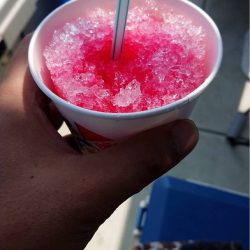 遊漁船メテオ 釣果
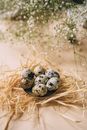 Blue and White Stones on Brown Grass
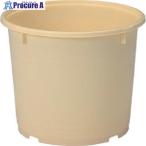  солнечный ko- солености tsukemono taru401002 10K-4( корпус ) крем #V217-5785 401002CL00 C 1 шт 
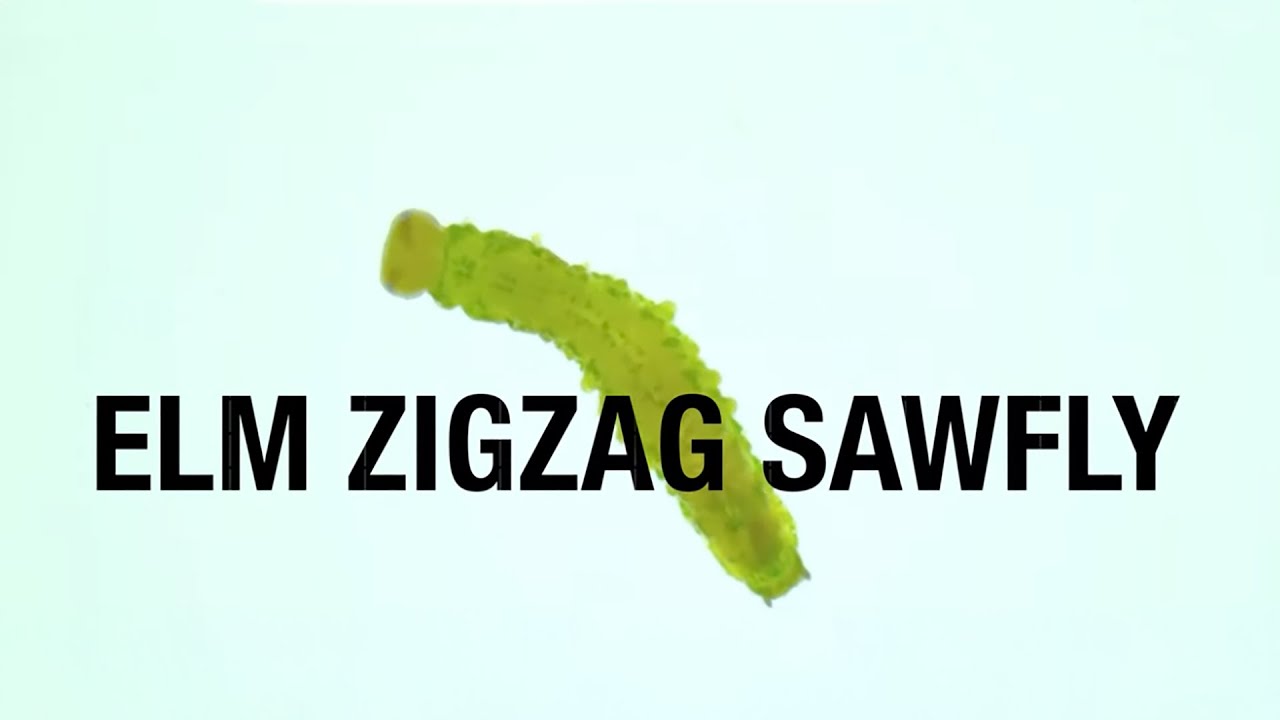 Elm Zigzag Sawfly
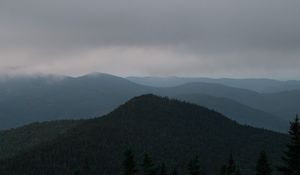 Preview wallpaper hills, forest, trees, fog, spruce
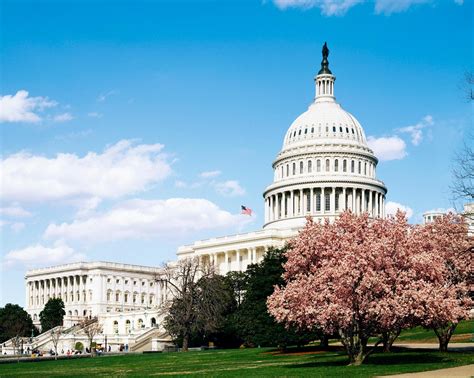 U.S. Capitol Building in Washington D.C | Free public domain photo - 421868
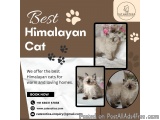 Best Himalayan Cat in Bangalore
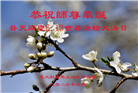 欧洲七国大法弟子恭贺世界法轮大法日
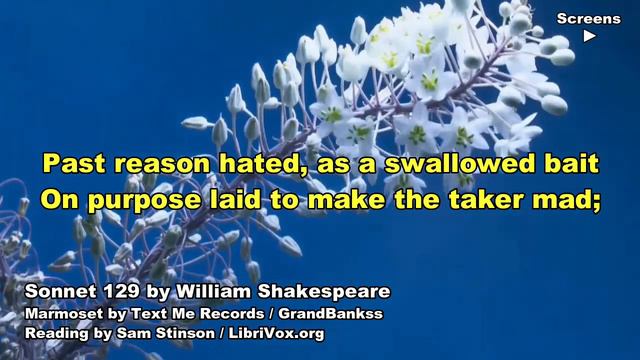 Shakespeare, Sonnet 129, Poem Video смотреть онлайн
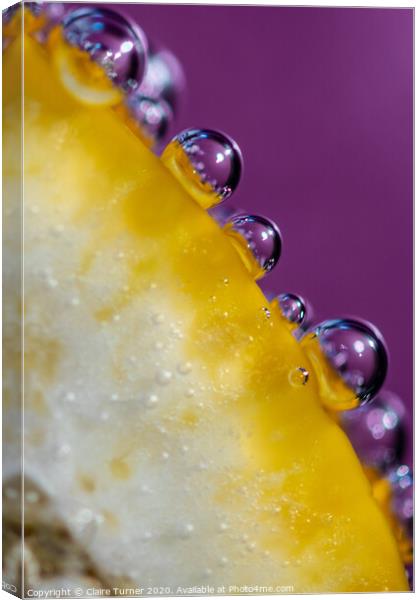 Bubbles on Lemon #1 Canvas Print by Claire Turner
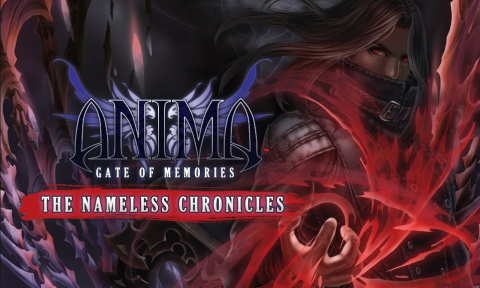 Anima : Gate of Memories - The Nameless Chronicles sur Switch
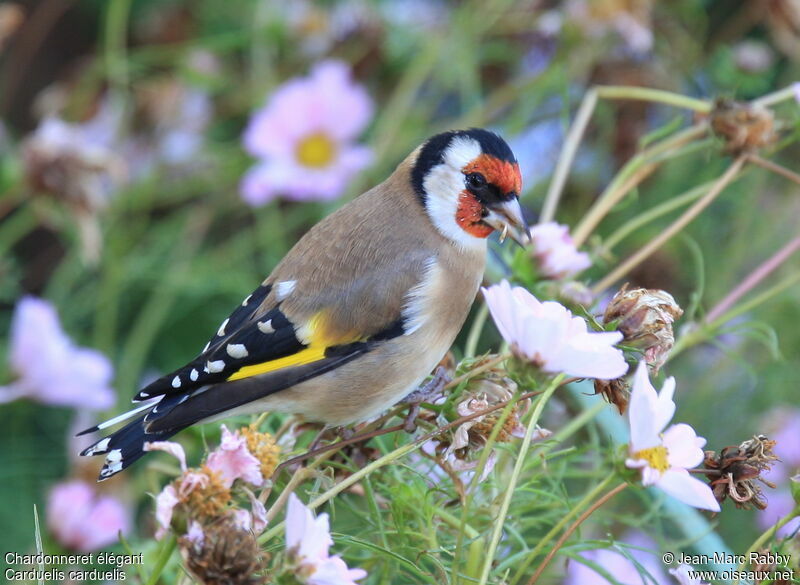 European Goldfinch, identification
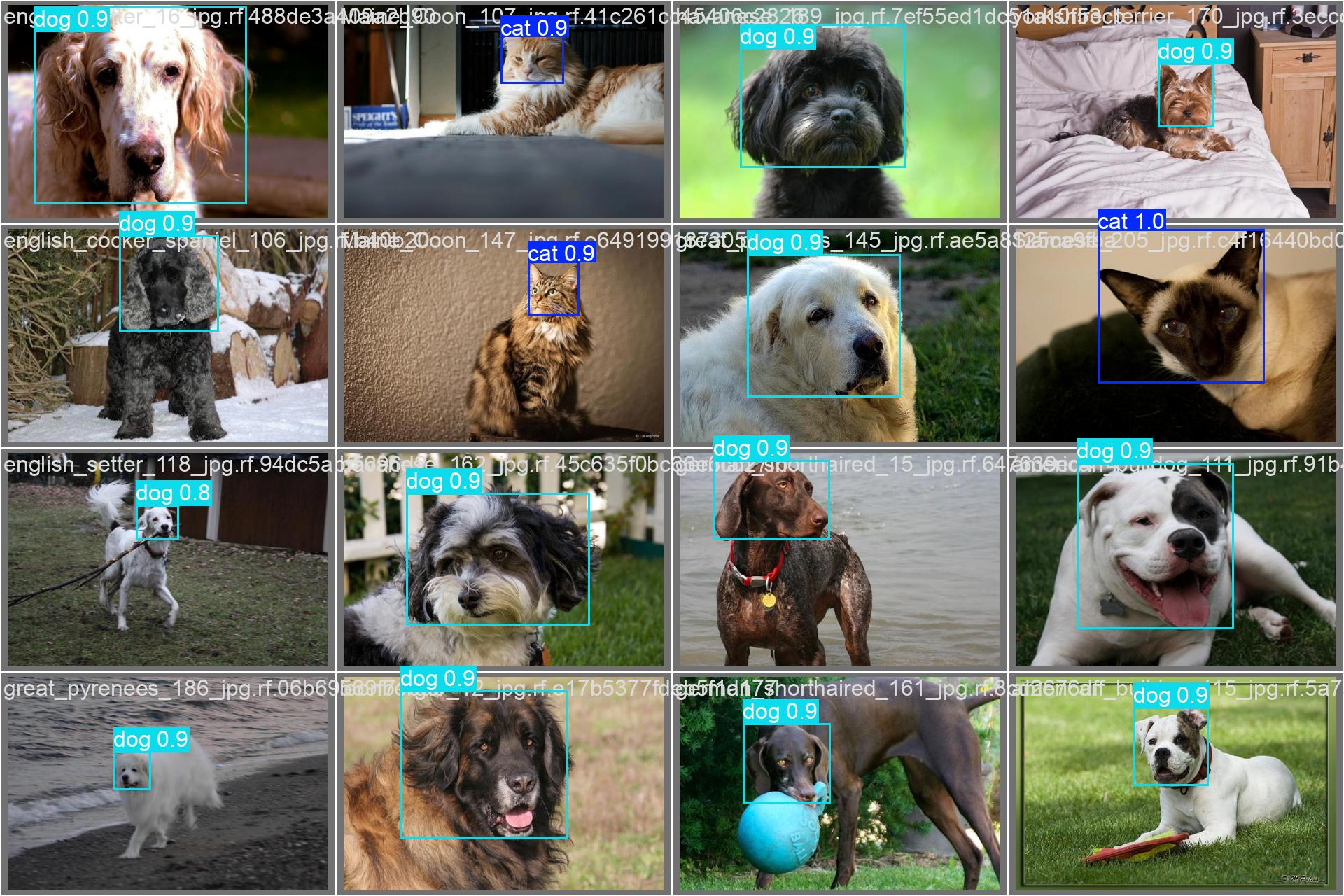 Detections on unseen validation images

==

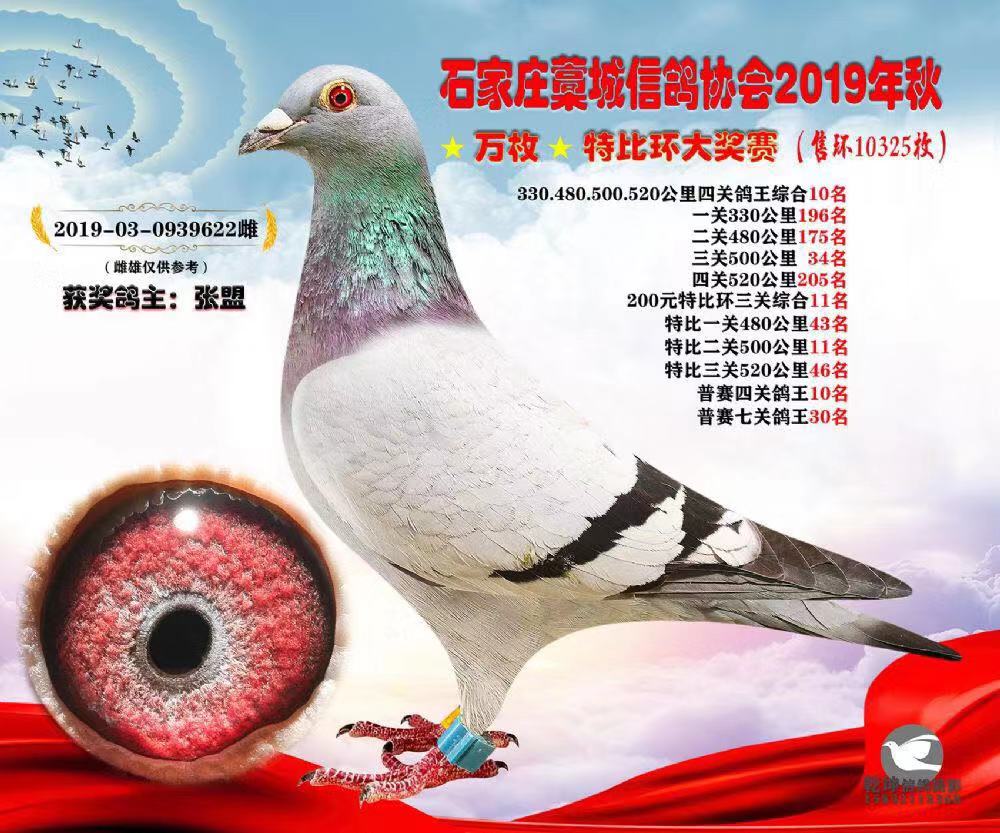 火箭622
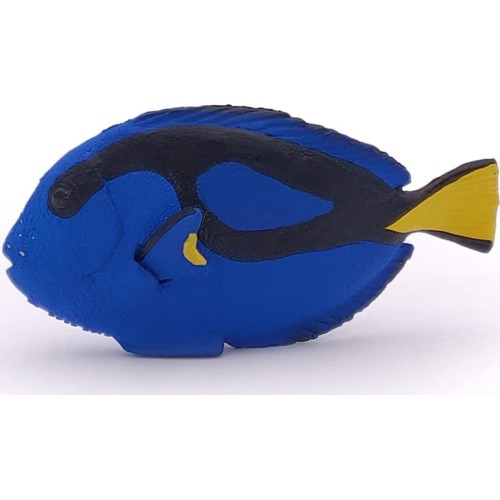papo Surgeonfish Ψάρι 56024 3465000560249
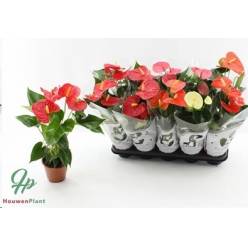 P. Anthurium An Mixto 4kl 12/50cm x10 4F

- **To do**: Above, find the line with "European Goldfinch, identification"; copy it and every line down to the line with "Detections on unseen validation images", exactly and both included, but no pictures.

- **Output of the task**:
 European Goldfinch, identification
 Detections on unseen validation images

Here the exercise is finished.